CFTC Proposes "Operational Resilience Framework" for FCMs and Swap Dealers

The CFTC proposed a rule to require that Futures Commission Merchants ("FCMs") and swap dealers establish and maintain an "operational resilience framework" ("ORF") focusing on three components: information and technology security, third-party relationships and disruptions to standard business operations.

The ORF, as proposed under new CFTC Rule 1.13, would require:

• a program addressing information and technology security to protect the confidentiality, integrity and accessibility of sensitive data.
• a mechanism for managing risks linked to third-party service providers, particularly those critical to the entity's operations (see the new Fact Sheet);
• the adoption of a comprehensive business continuity and disaster recovery ("BCDR") plan;
• the implementation of annual risk assessments; and
• the adoption of an incident response plan.

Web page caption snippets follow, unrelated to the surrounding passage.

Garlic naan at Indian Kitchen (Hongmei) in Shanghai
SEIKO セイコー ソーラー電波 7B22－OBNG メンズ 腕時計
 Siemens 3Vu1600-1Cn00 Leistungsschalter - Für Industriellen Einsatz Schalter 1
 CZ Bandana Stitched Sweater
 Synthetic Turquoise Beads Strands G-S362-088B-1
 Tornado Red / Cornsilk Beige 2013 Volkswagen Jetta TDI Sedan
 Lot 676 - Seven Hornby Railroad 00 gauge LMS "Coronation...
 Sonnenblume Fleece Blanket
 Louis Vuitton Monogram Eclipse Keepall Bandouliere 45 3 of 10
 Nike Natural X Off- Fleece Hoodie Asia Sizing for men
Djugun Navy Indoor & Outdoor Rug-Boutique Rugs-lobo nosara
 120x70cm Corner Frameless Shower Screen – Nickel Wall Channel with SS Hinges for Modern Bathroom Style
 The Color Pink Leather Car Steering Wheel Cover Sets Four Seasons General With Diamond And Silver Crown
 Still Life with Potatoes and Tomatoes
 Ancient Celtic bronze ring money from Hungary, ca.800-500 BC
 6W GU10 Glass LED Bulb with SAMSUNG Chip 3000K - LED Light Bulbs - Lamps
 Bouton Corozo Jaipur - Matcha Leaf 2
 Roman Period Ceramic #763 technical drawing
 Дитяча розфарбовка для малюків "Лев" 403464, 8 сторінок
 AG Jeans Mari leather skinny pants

Under the proposed rule, covered entities would be required to promptly notify the CFTC of specific incidents and the activation of their BCDR plan within a 24-hour timeframe. The proposal also requires notification of affected customers and counterparties following incidents that could adversely impact their information, assets or positions.

Further, the proposed rule provides that covered entities may establish holding company consolidated programs or plans for their ORF. Reliance on third-party service providers is permissible, contingent upon the effective management of associated risks, with the covered entity retaining responsibility for regulatory obligations.

Comments on the proposal are due by March 2, 2024.